Relativamente a esta matéria também queria opinar, mas provavelmente faria mais sentido fazê-lo quando entrássemos na discussão do artigo 74.º, uma vez que será já no domínio da especialidade das alíneas do actual n.º 3 do artigo 74.º do texto constitucional, que correspondem, na nossa proposta, às alíneas do corpo único do novo artigo 74.º.
O Sr. Presidente: * Tem a palavra o Sr. Deputado Cláudio Monteiro.
O Sr. Cláudio Monteiro (PS): - Sr. Presidente, a proposta que o PSD apresenta para o n.º 2 do artigo 74.º, na minha perspectiva e, julgo, na perspectiva do Grupo Parlamentar do PS, comporta um problema que deveria ser equacionado.

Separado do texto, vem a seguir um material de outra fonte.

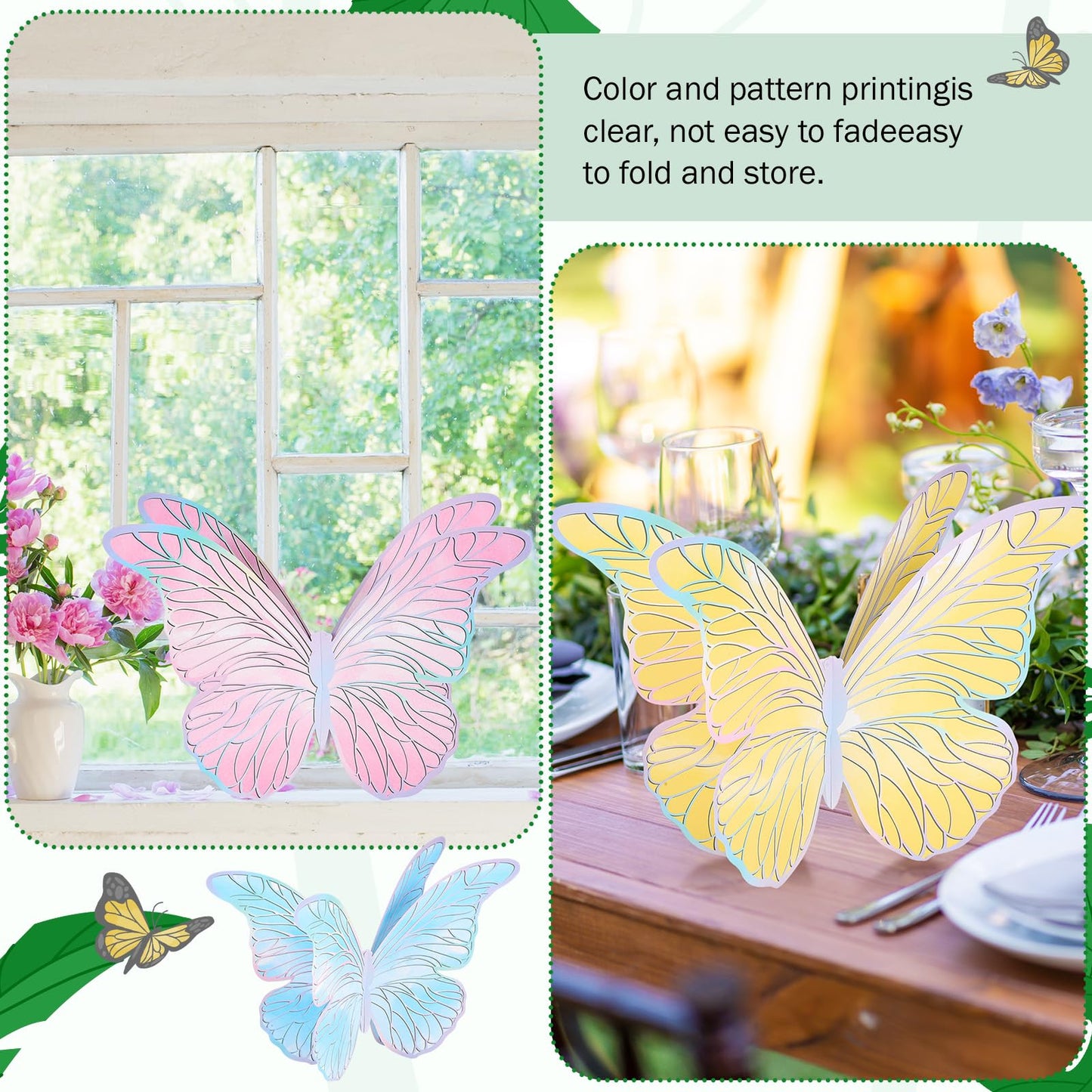 Yexiya 15 Pieces Butterfly Table Centerpiece Birthday Party Decorations Table Toppers Centerpieces Butterfly Theme Party Decor for Birthday Shower Supplies (Classic)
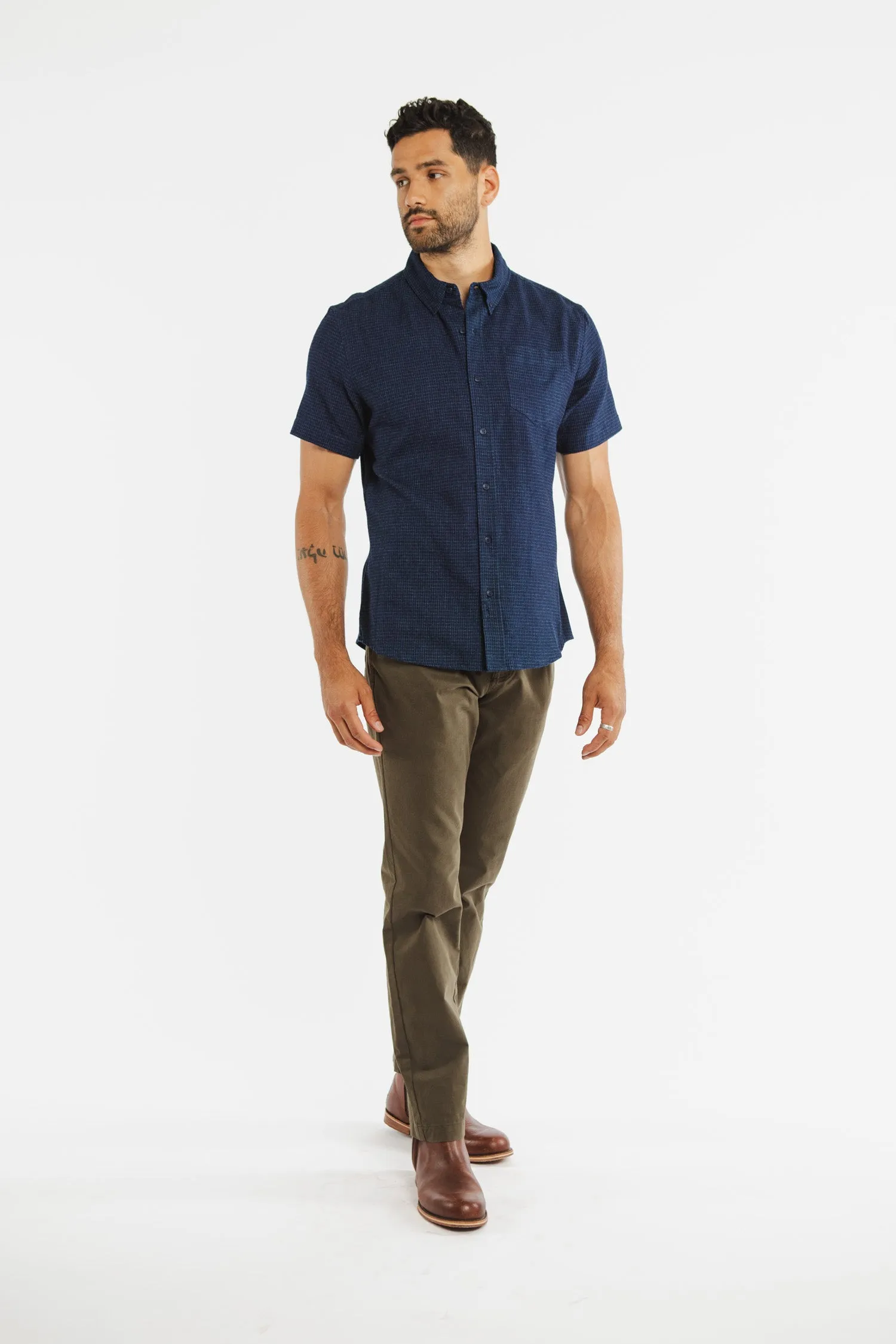 Jordan Slim Shirt / Indigo Grid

Se confrontarmos o artigo 74.º, n.º 2, tal como proposto pelo PSD, com o artigo 43.º, n.º 2, nomeadamente na parte em que se estabelece o princípio de que o Estado não pode arrogar-se - salvo alterações entretanto aprovadas que não alteram o sentido útil do artigo 43.º, n.º 2 - do direito de programar a educação de acordo com quaisquer directivas filosóficas, estéticas, políticas, ideológicas ou religiosas, pergunto-me, sem fazer a acusação… É evidente que os valores a que o PSD se refere no artigo 74.º, n.º 2, provavelmente são partilhados pela generalidade - senão por todos - dos Deputados presentes nesta sala e por todas as forças políticas, mas não deixam de constituir, apesar de tudo, um caminho sensível no sentido da definição de directivas de natureza filosófica, e até de natureza política, quanto ao conteúdo da educação que não sei se não seria de evitar, tendo em conta a formulação actual, quer da redacção do artigo 74.º, n.º 2…
O Sr. Carlos Coelho (PSD): - Sr. Deputado, dá-me licença que o interrompa?
O Sr. Cláudio Monteiro (PS): - Faça favor, Sr. Deputado.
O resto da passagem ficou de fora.